Task instructions
Restate the entries below exactly. Images are not part of the copy.
(Records for the task Opens)
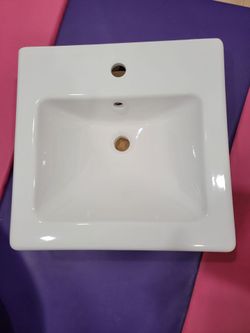 Bathroom sink and cabinet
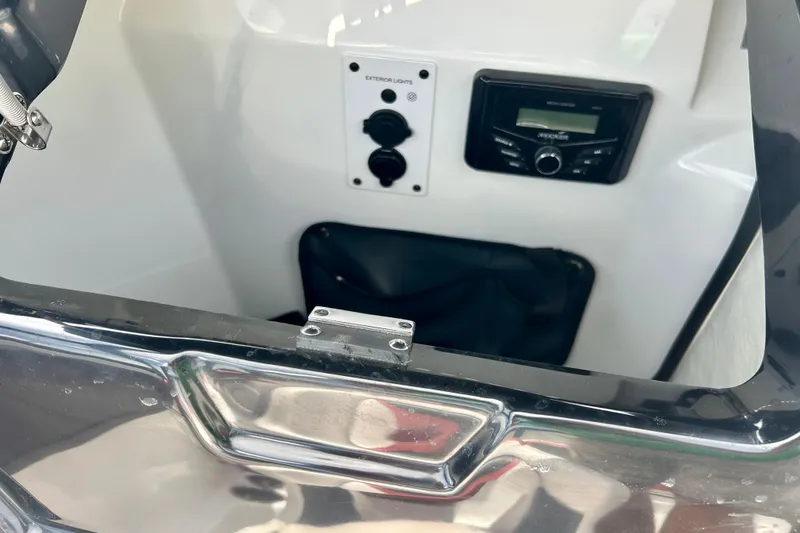Slide: The Image of Interior view of a 2021 Scarab 195 ID boat featuring control panel and stereo system. - 21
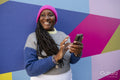 Beautiful woman using phone on colorful background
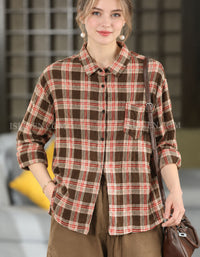 Women’s brown plaid button-up shirt with relaxed oversized fit, long sleeves and chest pocket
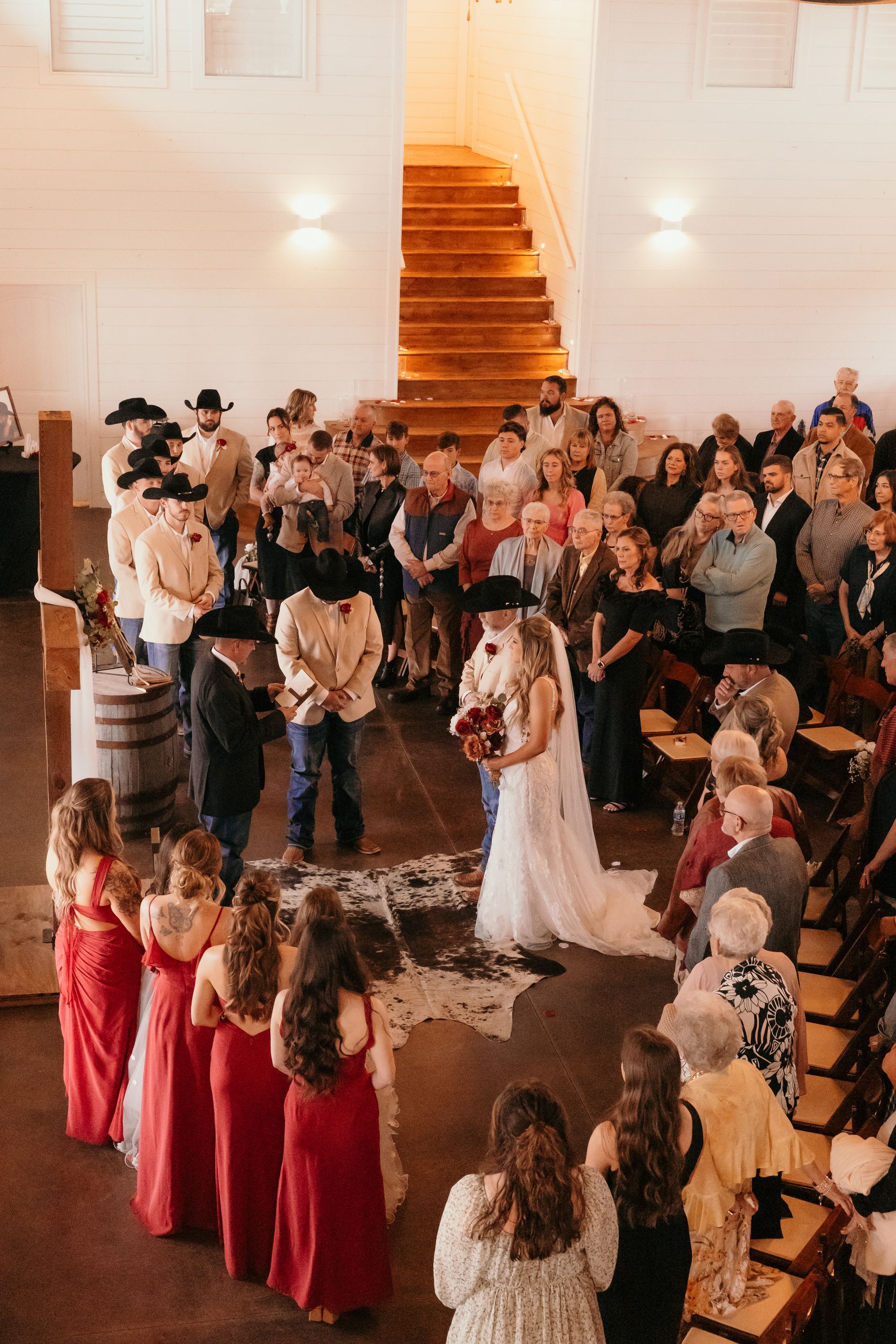father handing off bride during wedding ceremony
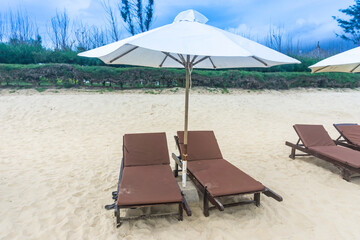 White sand beach with chaise chairs and white umbrella in clear blue sky with many tourists at Muine Bay Resort, Mui Ne, Phan Thiet city, Binh Thuan province, Vietnam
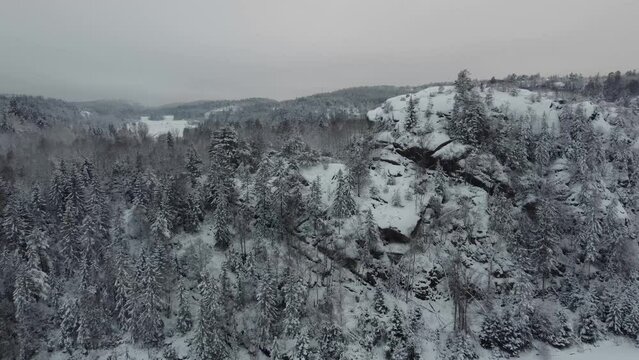 Soaring Through Dingle Mountain Snow Covered Trees Road Cabin Sweden 4K 30fps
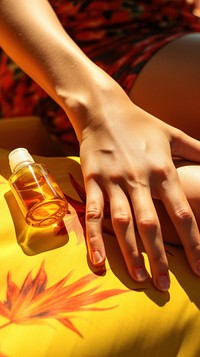  Woman applying Tan oil on her skin sunbathing finger cosmetics bottle. AI generated Image by rawpixel.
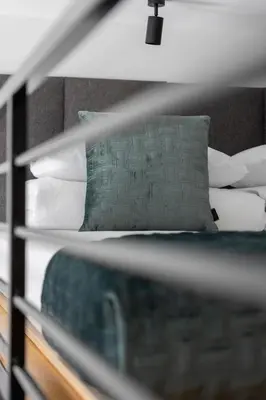 a bed with white pillows and a green pillow at Kazimierz - Balcony Apartment- Starowiślna 41 in Kraków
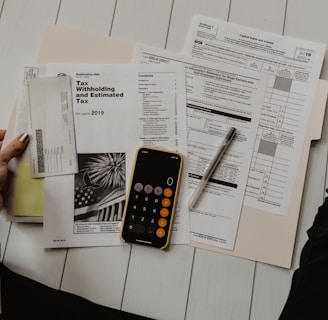 person holding paper near pen and calculator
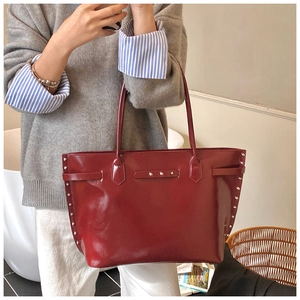 Detail shot of a deep red tote bag featuring metal rivets and glossy leather texture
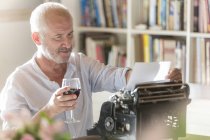 Homme âgé buvant du vin à la machine à écrire dans l'étude — Photo de stock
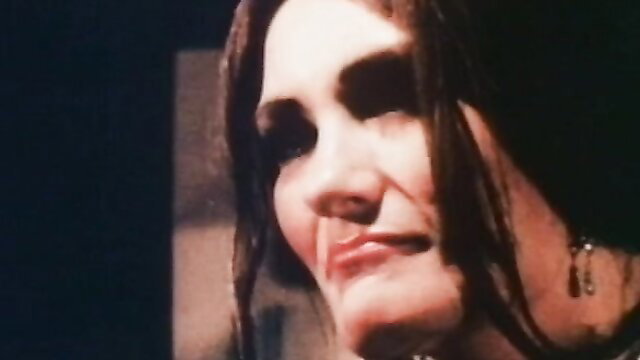 Brunette with intense gaze in Devil’s Ecstasy 1976 vintage porn thumbnail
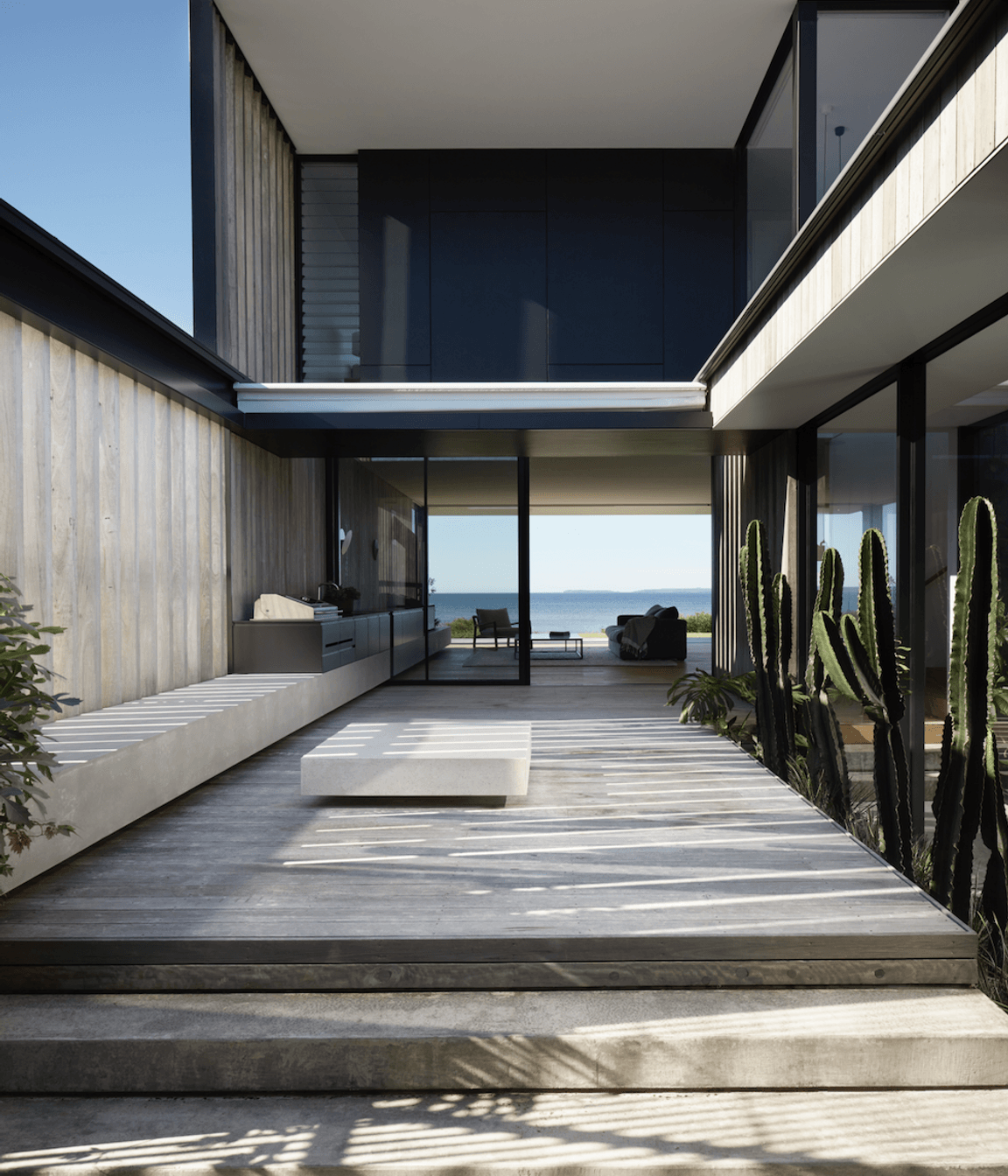 The exterior features pre-aged hardwood shiplap cladding.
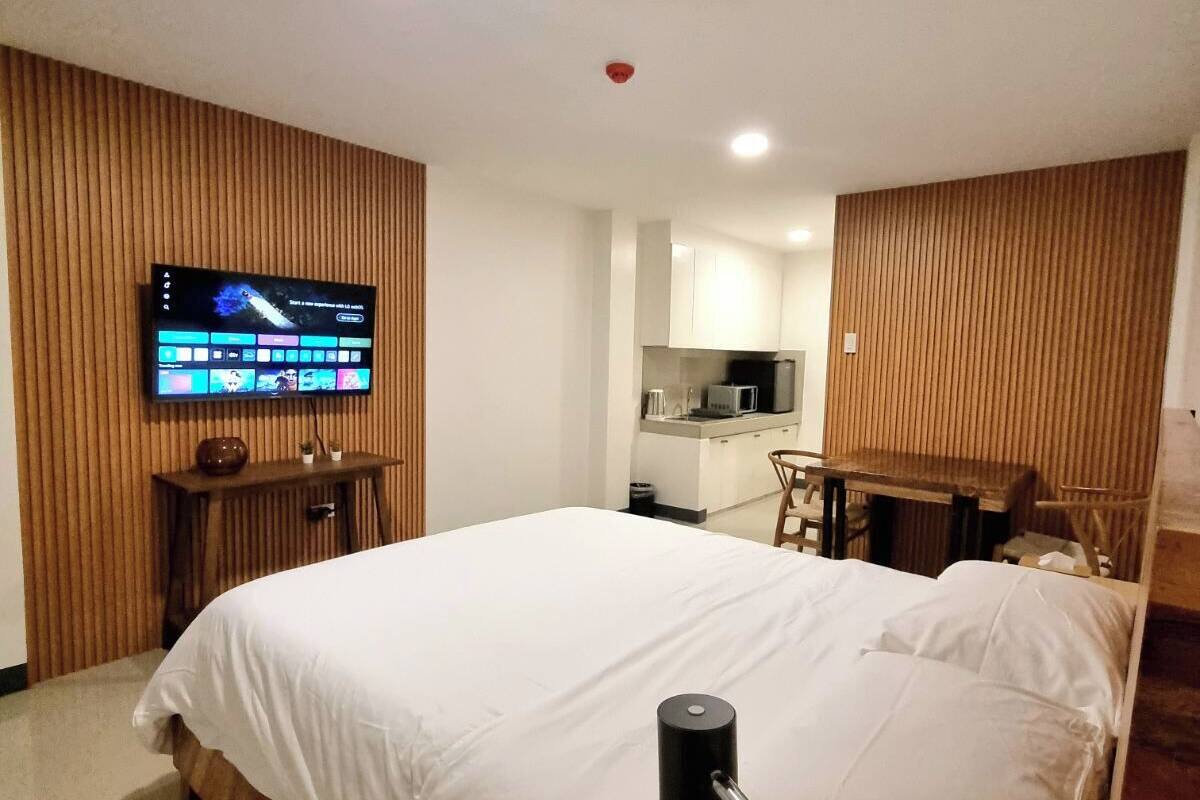 Ein Hotelzimmer mit einem großen Bett, einem an der Wand montierten Fernseher, einer Wand mit Holzpaneelen und einer Küchenzeile im Hintergrund.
(Records for the task Closes)
Answer box
 Bathroom sink and cabinet
Slide: The Image of Interior view of a 2021 Scarab 195 ID boat featuring control panel and stereo system. - 21
 Beautiful woman using phone on colorful background
 Women’s brown plaid button-up shirt with relaxed oversized fit, long sleeves and chest pocket
father handing off bride during wedding ceremony
 White sand beach with chaise chairs and white umbrella in clear blue sky with many tourists at Muine Bay Resort, Mui Ne, Phan Thiet city, Binh Thuan province, Vietnam
 Soaring Through Dingle Mountain Snow Covered Trees Road Cabin Sweden 4K 30fps
  Woman applying Tan oil on her skin sunbathing finger cosmetics bottle. AI generated Image by rawpixel.
 a bed with white pillows and a green pillow at Kazimierz - Balcony Apartment- Starowiślna 41 in Kraków
 person holding paper near pen and calculator
 Detail shot of a deep red tote bag featuring metal rivets and glossy leather texture
 Homme âgé buvant du vin à la machine à écrire dans l'étude — Photo de stock
 Brunette with intense gaze in Devil’s Ecstasy 1976 vintage porn thumbnail
 The exterior features pre-aged hardwood shiplap cladding.
 Ein Hotelzimmer mit einem großen Bett, einem an der Wand montierten Fernseher, einer Wand mit Holzpaneelen und einer Küchenzeile im Hintergrund.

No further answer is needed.